We do see triplication in the world’s languages, and we do see sometimes when people can duplicate more than once, but it’s not clear that we need to have these poly-regular theories of language.

AI: What kind of future are you hoping to see between linguistics and artificial intelligence? Do you have specific goals that you are working towards?

PH: I personally would like to see AI pay more attention to linguistics. I think a lot of AI right now is trying to solve problems with lots of data, but I think we need to try to solve problems with small amounts of data. Humans generalize very quickly from small amounts of data, and I think that’s a hallmark of our intelligence. It can also get us in trouble– we can stereotype, we can make mistakes, and things like that– but we do generalize from very few examples. That’s very different from the modern AI technology that learns from millions of examples. I think we should try to focus on learning from small amounts of data in an accurate and reliable way.

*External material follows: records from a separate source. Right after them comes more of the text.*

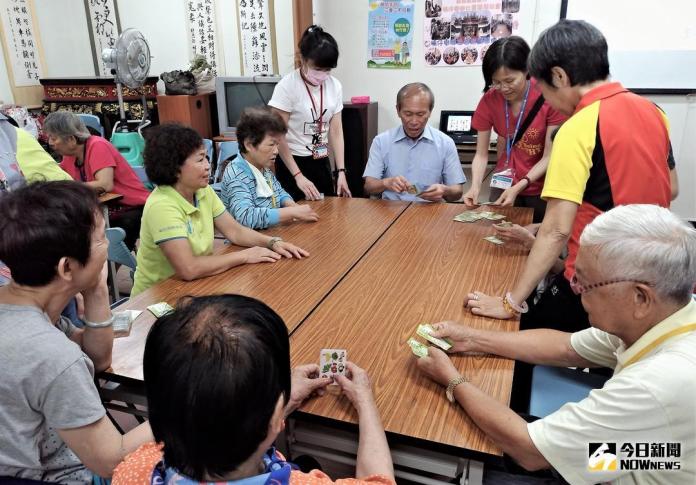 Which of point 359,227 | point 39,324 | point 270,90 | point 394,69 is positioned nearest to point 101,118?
point 270,90

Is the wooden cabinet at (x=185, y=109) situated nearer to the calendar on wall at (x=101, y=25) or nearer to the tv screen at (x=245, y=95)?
the tv screen at (x=245, y=95)

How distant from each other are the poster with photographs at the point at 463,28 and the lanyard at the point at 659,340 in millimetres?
4126

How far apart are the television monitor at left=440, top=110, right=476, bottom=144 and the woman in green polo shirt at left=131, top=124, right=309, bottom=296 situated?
309 centimetres

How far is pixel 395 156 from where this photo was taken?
3119 mm

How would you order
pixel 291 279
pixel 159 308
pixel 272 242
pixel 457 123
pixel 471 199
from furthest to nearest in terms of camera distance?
pixel 457 123 → pixel 471 199 → pixel 272 242 → pixel 291 279 → pixel 159 308

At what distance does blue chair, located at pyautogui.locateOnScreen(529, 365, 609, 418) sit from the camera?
1.46m

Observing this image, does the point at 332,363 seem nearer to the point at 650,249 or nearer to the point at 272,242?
the point at 650,249

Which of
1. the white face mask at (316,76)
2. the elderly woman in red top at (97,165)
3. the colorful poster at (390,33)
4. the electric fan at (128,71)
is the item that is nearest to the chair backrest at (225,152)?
the electric fan at (128,71)

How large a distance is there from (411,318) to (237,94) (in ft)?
13.8

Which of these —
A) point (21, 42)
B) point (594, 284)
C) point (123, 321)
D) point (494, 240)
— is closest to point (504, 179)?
point (494, 240)

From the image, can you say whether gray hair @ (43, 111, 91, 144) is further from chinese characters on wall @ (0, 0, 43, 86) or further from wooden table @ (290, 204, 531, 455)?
chinese characters on wall @ (0, 0, 43, 86)

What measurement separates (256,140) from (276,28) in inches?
125

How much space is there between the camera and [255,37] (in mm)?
5164

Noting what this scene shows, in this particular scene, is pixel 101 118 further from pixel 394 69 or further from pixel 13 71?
pixel 394 69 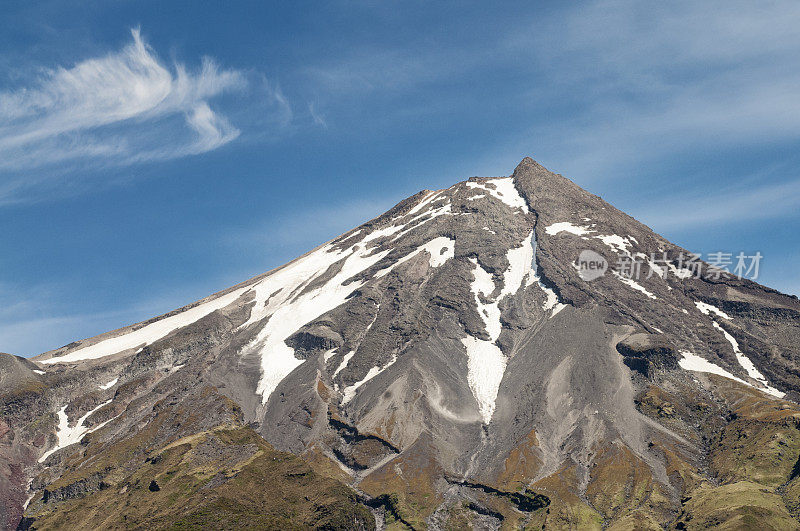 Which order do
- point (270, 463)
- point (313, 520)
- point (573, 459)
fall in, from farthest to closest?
point (573, 459) < point (270, 463) < point (313, 520)

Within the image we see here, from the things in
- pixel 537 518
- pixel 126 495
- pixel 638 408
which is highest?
pixel 638 408

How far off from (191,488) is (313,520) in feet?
107

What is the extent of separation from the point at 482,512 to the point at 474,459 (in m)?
25.4

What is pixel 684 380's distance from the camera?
646 ft

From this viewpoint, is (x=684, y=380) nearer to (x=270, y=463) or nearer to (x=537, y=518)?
(x=537, y=518)

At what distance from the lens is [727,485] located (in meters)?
147

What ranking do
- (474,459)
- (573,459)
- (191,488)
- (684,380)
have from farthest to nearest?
(684,380) → (474,459) → (573,459) → (191,488)

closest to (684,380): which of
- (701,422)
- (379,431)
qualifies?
(701,422)

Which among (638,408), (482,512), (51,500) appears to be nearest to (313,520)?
(482,512)

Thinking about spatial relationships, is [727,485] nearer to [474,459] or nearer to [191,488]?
[474,459]

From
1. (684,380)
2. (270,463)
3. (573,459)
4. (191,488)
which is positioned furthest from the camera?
(684,380)

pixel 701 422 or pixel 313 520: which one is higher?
pixel 701 422

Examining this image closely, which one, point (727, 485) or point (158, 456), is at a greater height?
point (158, 456)

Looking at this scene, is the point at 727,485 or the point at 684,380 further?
the point at 684,380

One of the areas I work on is called formal grammar, or formal language theory. One of the reasons why I like it is because the models of language we construct are completely interpretable. A lot of the language technology that’s used today uses methods that are not interpretable. We don’t really understand how they go from A to B. I would hope AI would give more consideration to these interpretable models, or at least make interpretability one of the higher criteria on their priorities.

As for my own personal goals in research, I’m actually working on these things. I’m working on the kinds of patterns we see in natural language, the kinds of transformations we see in natural language, using interpretative methods that can be learned with small amounts of data. That’s a lot of what motivates my research. Students, faculty, collaborators across the university, the region, the world, so on– we’re working on these kinds of problems.